**Instructions to follow**: Nothing but the lines from the one with "Photo 1 of 4" through the last line of the entries below should appear in the copy, please, and no pictures.

Stored data
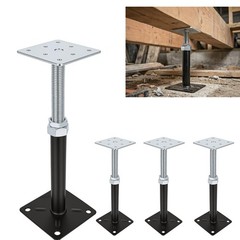 Adjustable House Floor Jacks, Post 8″ – 12″ Black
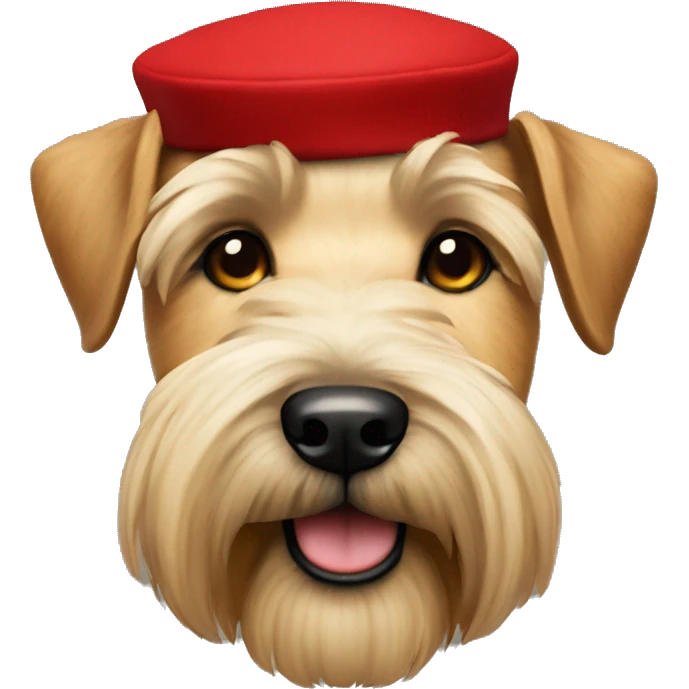 Wheaten terrier in a red beret emoji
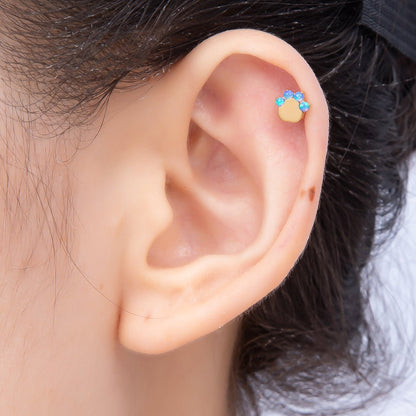 Titanium 11mm Blue Opal Paw Print Cartilage Piercing Flat Back Stud in Gold &amp; Silver | BJ-00211 BJ-00212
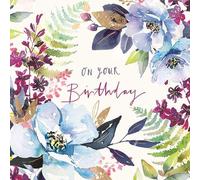 Acquerello Artistic Female Birthday Card (LD-II1148) - Peonies and Ferns - Foil Finish - from Ling Design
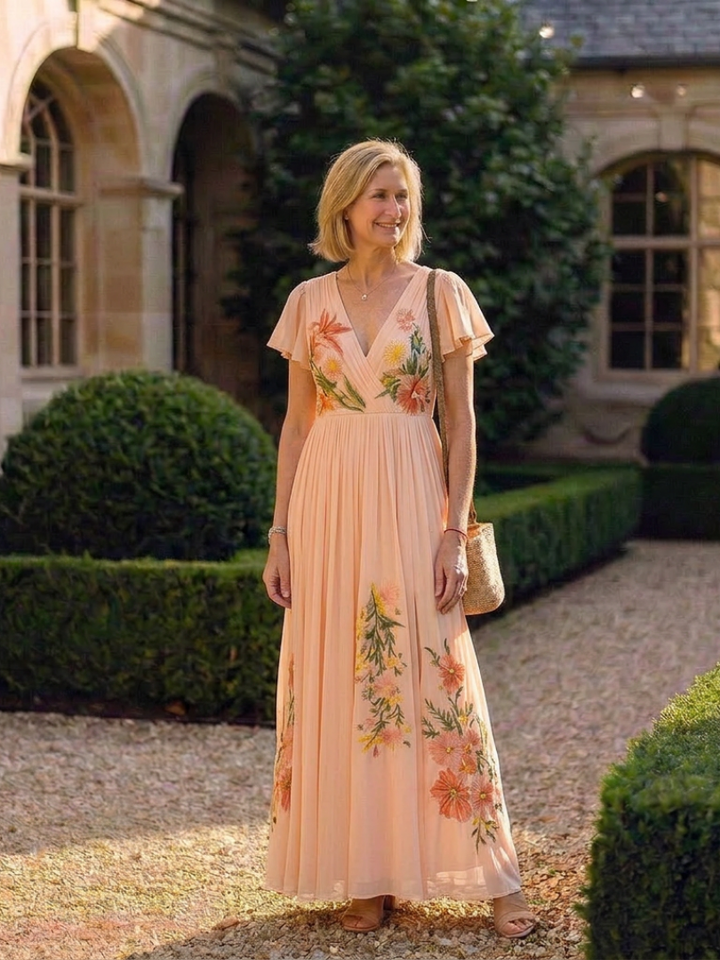 Calista | Vestido Maxi Floral Plisado de Cuello en V y Manga Corta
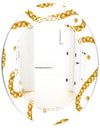 Golden Chain Necklace - Modern Round or Oval Wall Mirror - Triple C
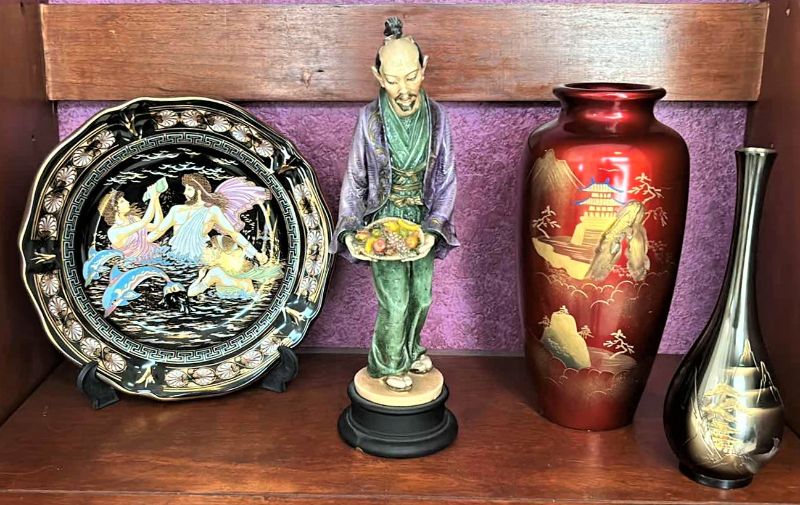 Photo 1 of 4 PIECE HOME DECOR COLLECTIBLES HAND MADE PLATE ITALY 24K GOLD, FIGURINE MADE ON ITALY, 2 ASIAN VASES
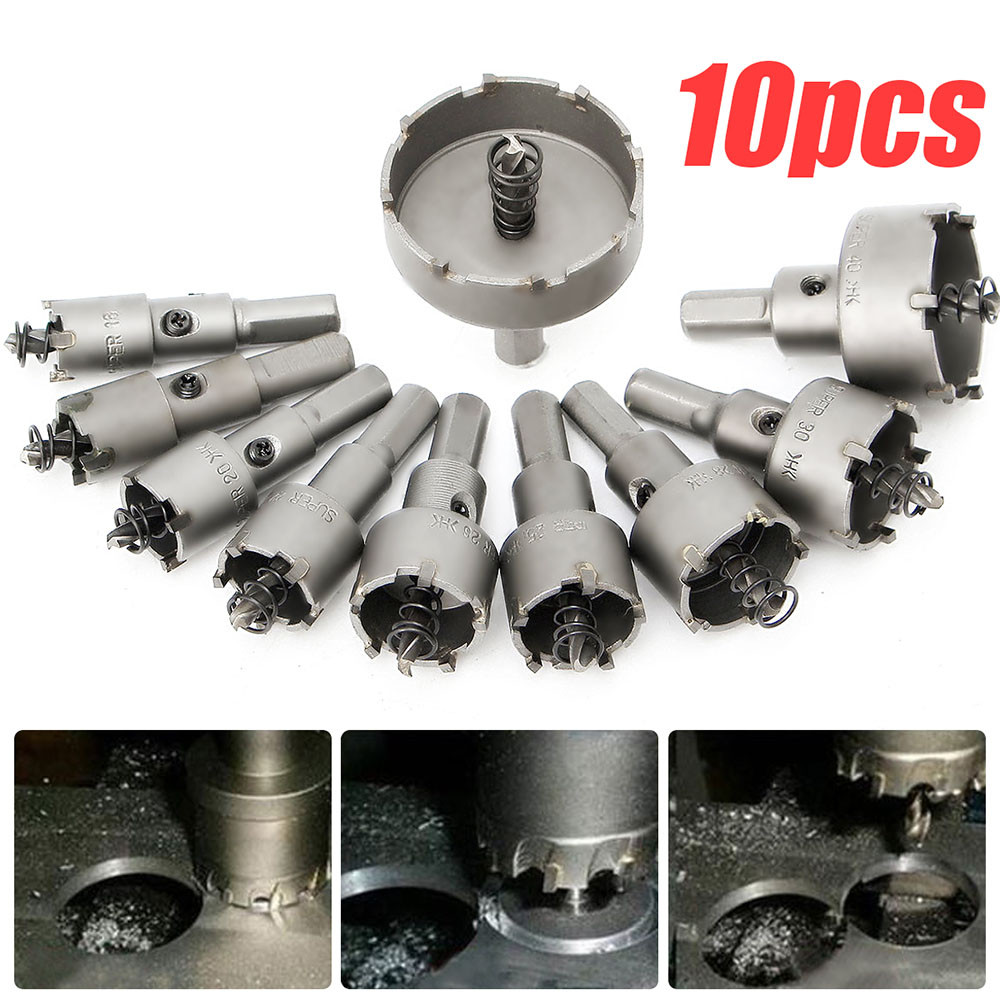 10pc/set 16mm50mm Steel Carbide Tipped Drill Bit TCT Metal Wood Cutter
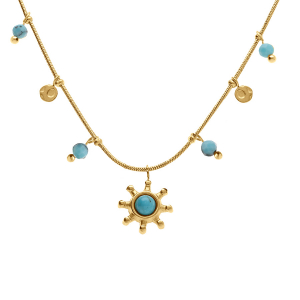 COLLIER ACIER DORÉ PAMPILLES BOULES TURQUOISE RECONSTITUÉE AVEC PENDENTIF SOLEIL 39+5CM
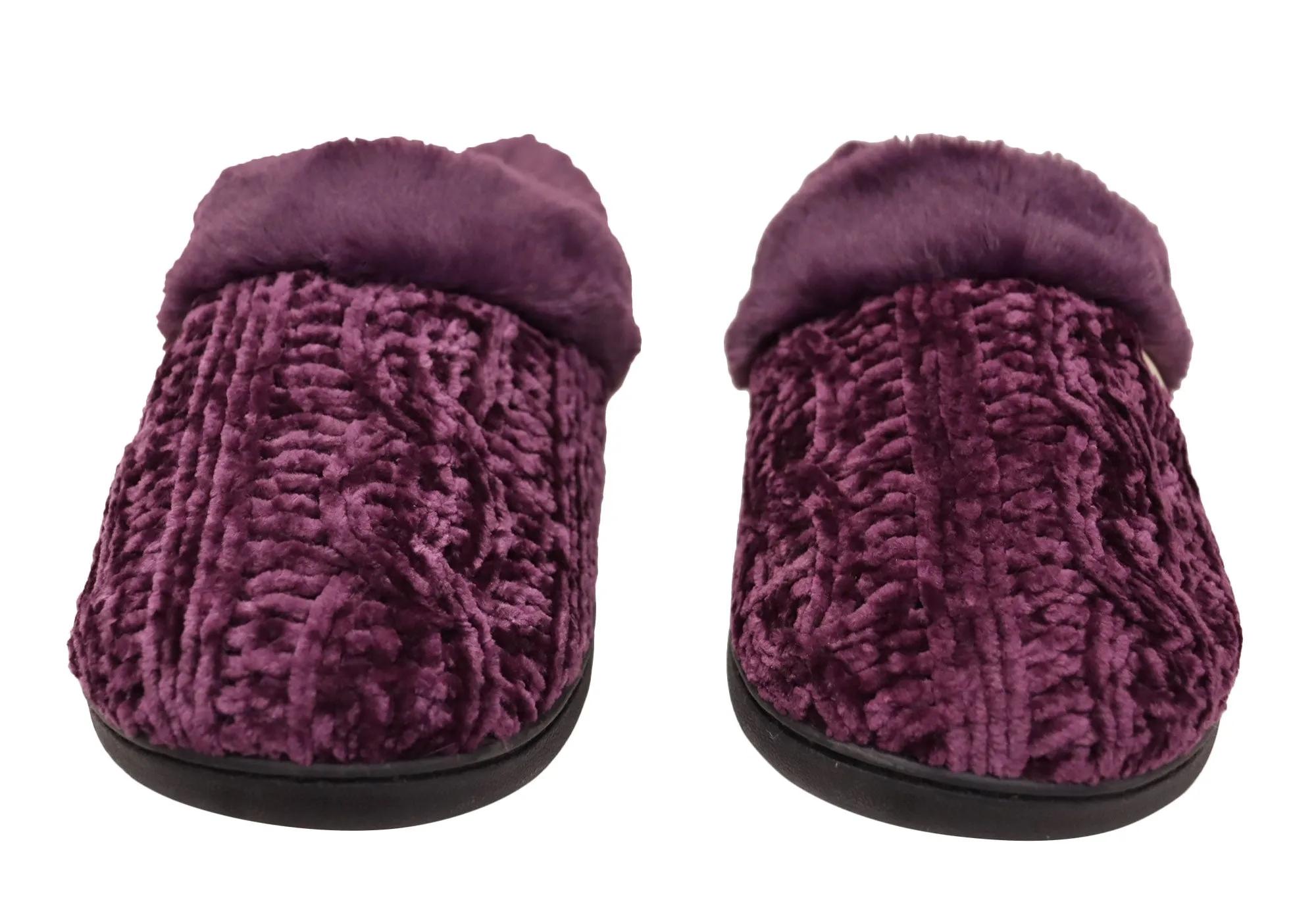 Dearfoams Chaussons Clog Confortables pour Femmes Claire en Chenille Chinée Tricotée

**Problem solution**:
 Photo 1 of 4 PIECE HOME DECOR COLLECTIBLES HAND MADE PLATE ITALY 24K GOLD, FIGURINE MADE ON ITALY, 2 ASIAN VASES
 10pc/set 16mm50mm Steel Carbide Tipped Drill Bit TCT Metal Wood Cutter
 COLLIER ACIER DORÉ PAMPILLES BOULES TURQUOISE RECONSTITUÉE AVEC PENDENTIF SOLEIL 39+5CM
 Dearfoams Chaussons Clog Confortables pour Femmes Claire en Chenille Chinée Tricotée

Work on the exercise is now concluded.